Zanim kupujący zacznie załatwiać jakiekolwiek formalności związane z rejestracją auta, powinien przetłumaczyć wszystkie konieczne dokumenty. Na polski musi zostać przełożony zagraniczny dowód rejestracyjny czy umowa kupna-sprzedaży. Rejestracja samochodu z Niemiec jest o tyle ułatwiona, że nietrudno znaleźć tłumacza przysięgłego władającego tym językiem. A to obniża i cenę przekładu dokumentów, i skraca czas oczekiwania. Dla przykładu jeszcze 10 lat temu w Polsce było zaledwie kilku tłumaczy przysięgłych z języka holenderskiego. W efekcie za tłumaczenie każdej strony płaciło się około 80 złotych oraz czekało na wykonanie usługi nawet 3 dni.

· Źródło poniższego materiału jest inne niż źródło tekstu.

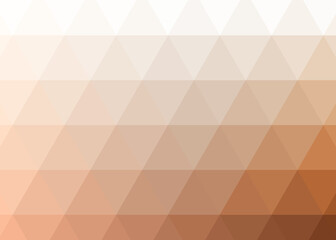 Abstract color Low-Polygones Generative Art background illustration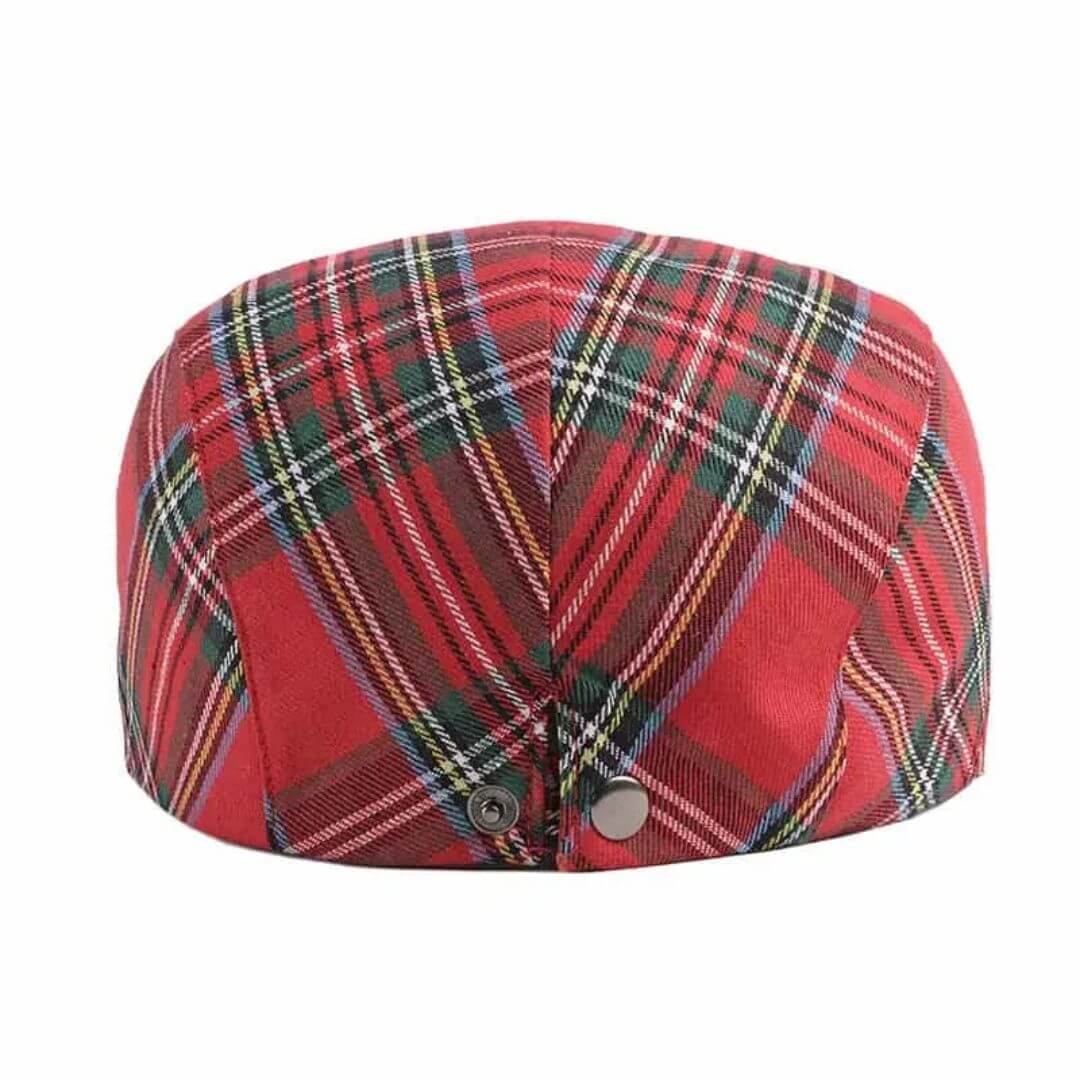 Cappello Ivy in Cotone Tartan | BOSTON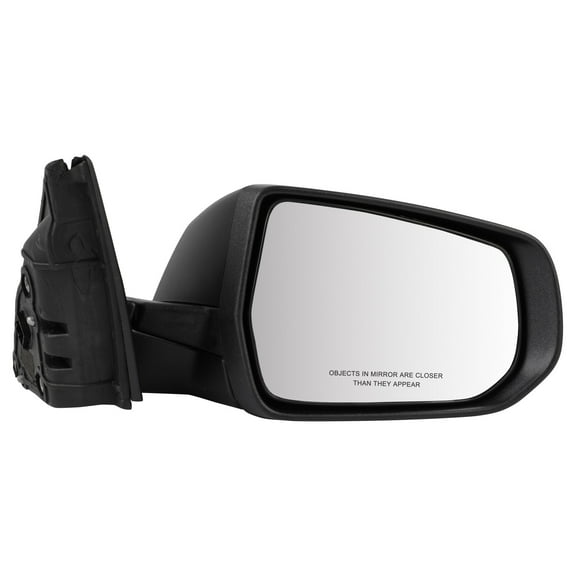 SCITOO Passenger Side View Mirror Fit For Chevy For Malibu 2016-2022 L|LS; W/O HEATED; W/O SIGNAL; PTM; Right Outside Exterior Mirror GM1321538 84288099-PFM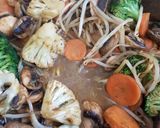Stir fry mushrooms and veggiesmatakin girki2 hoto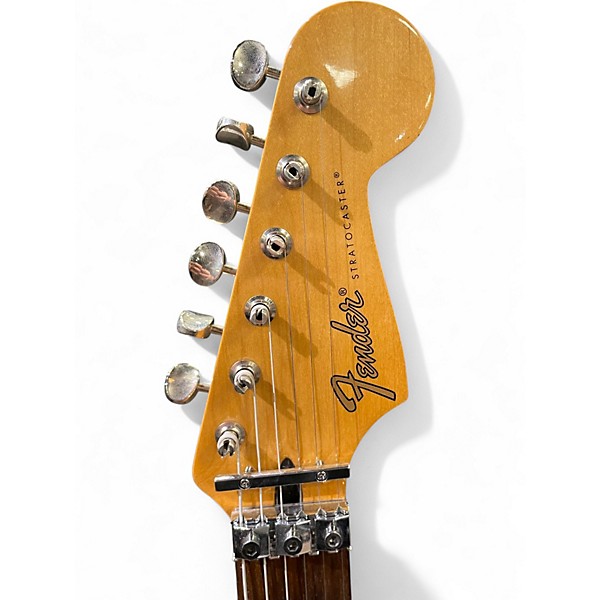 Used Fender Dave Murray HHH Stratocaster 2 Color Sunburst Solid Body Electric Guitar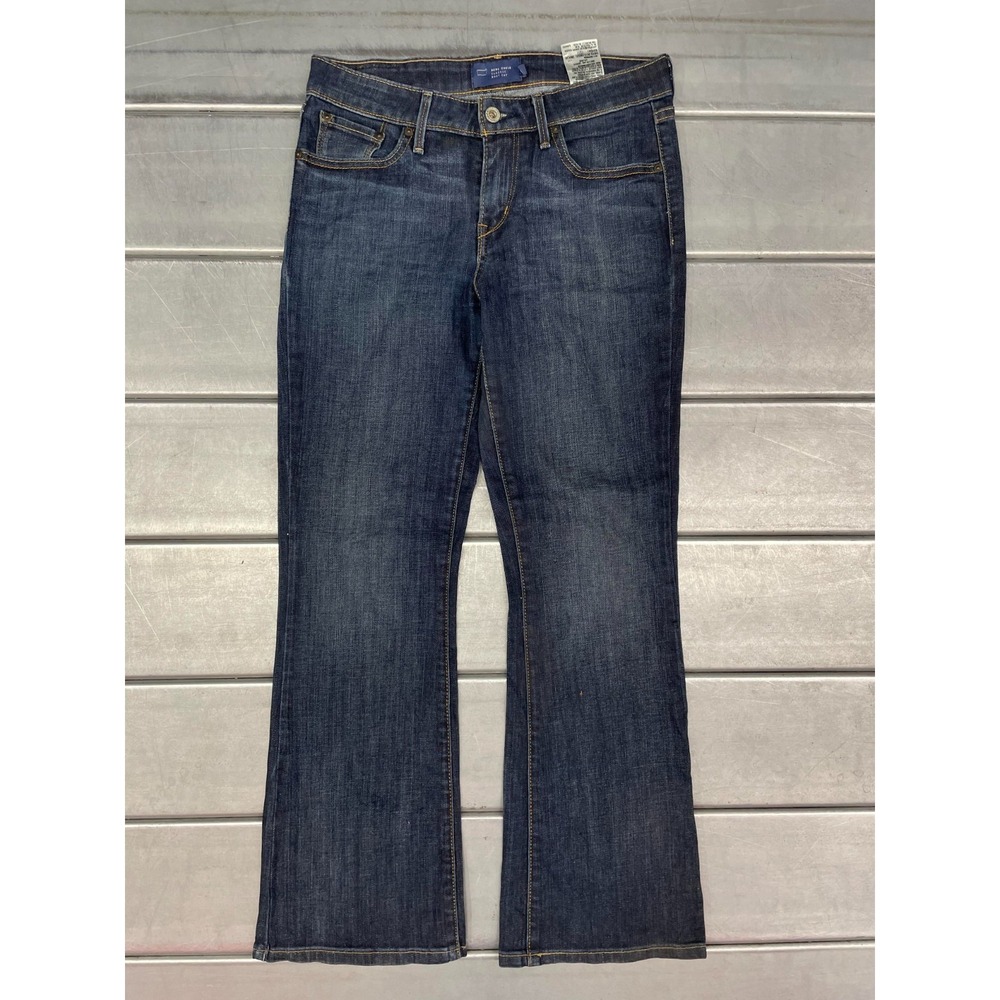 Levis‎ Demi Curve Classic Jeans Women 28X29 Blue Dark Wash Denim Boot Cut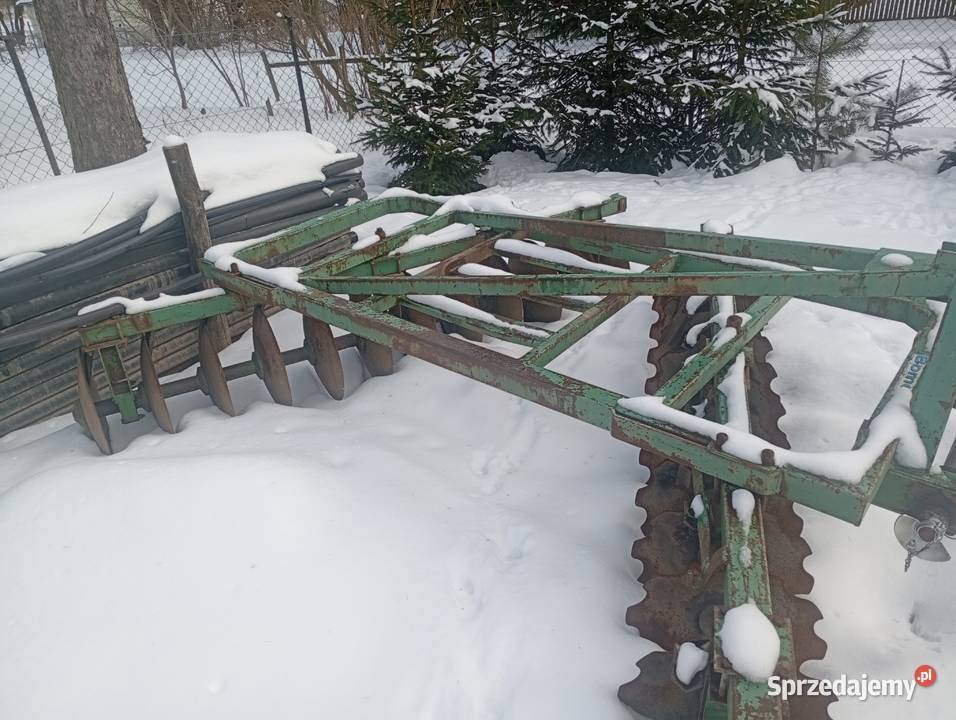 Talerzówka bomet 27 Krasnystaw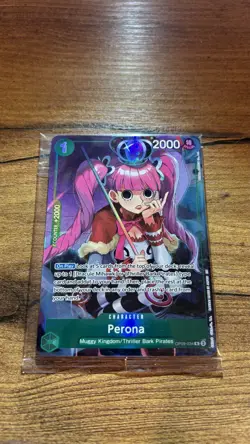 Perona (Illustration Box Vol.4) - Promotion Cards (OP-PR) OP09-034 - Image 1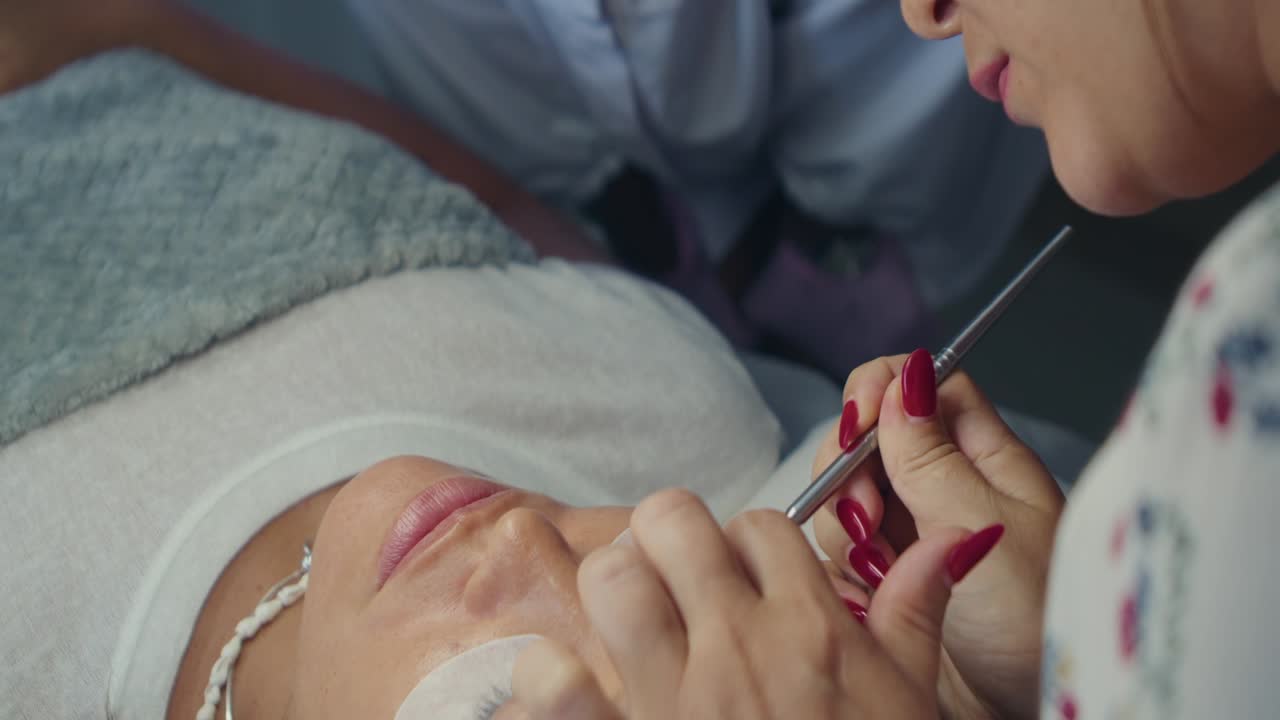 Wimpernverlängerung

Trzecim i zdecydowanie najbardziej kosztownym punktem rejestracji jest wizyta w urzędzie celnym. Kupujący musi się tam pojawić maksymalnie 14 dni po wykonaniu transakcji za granicą. Celnik poprosi go o wypełnienie koniecznych dokumentów oraz opłacenie akcyzy. W przypadku pojemności silnika poniżej 2 litrów, wartość podatku wynosi 3,1 proc. wartości samochodu. Gdy pojemność jednostki napędowej przekracza 2 litry, wysokość daniny rośnie do 18,6 proc. Warto zaznaczyć, że w urzędzie celnym za wartość pojazdu nie będzie przyjęta kwota wpisana na umowie. Od 2008 roku auta są wyceniane na podstawie roczników przygotowywanych przez instytucje analityczne.
Rejestracja samochodu z Niemiec – nawet 660 złotych taniej!
W roku 2014 zniknął obowiązek zdobywania zaświadczenia o zwolnieniu z podatku VAT, a w roku 2015 wycofana została opłata recyklingowa. A to oznacza, że rejestracja samochodu z Niemiec zajmie mniej czasu i stała się dużo tańsza. Zaświadczenie o zwolnieniu z podatku VAT zdobywa się w Urzędzie Skarbowym. Wydanie dokumentu kosztowało w większości przypadków aż 160 złotych i czekało się na nie tydzień! Konieczność jego dostarczenia podczas rejestracji auta sprowadzonego była jednak typowym bublem prawnym. To oczywiste, że obrót towarów w ramach Unii Europejskiej jest zwolniony z podatku VAT – to jeden z filarów polityki UE. Jeszcze droższa okazywała się jednak opłata recyklingowa. Ta była wyceniona na 500 złotych.
Po wykonaniu tłumaczeń i opłaceniu akcyzy kierowca może śmiało udać się do wydziału komunikacji należnego miejscu zamieszkania. Tam za 256 złotych otrzyma tablice rejestracyjne, nalepkę na szybę, dowód rejestracyjny i kartę pojazdu. Opłata w urzędzie może wzrosnąć nawet do 1176 złotych. Na szczęście tylko i wyłącznie w jednym przypadku – w sytuacji, w której kierowca wybierze indywidualne tablice rejestracyjne.
Warto pamiętać, że do użytkowania samochodu w kraju konieczna jest nie tylko rejestracja. Kierowca musi również wykupić polisę OC. To jednak w gruncie rzeczy żaden problem. Wystarczy iść do ubezpieczeniowego pośrednika, ewentualnie zadzwonić na infolinię jednego z towarzystw. Tam konsultant z pewnością dobierze idealny produkt do potrzeb i możliwości kierowcy.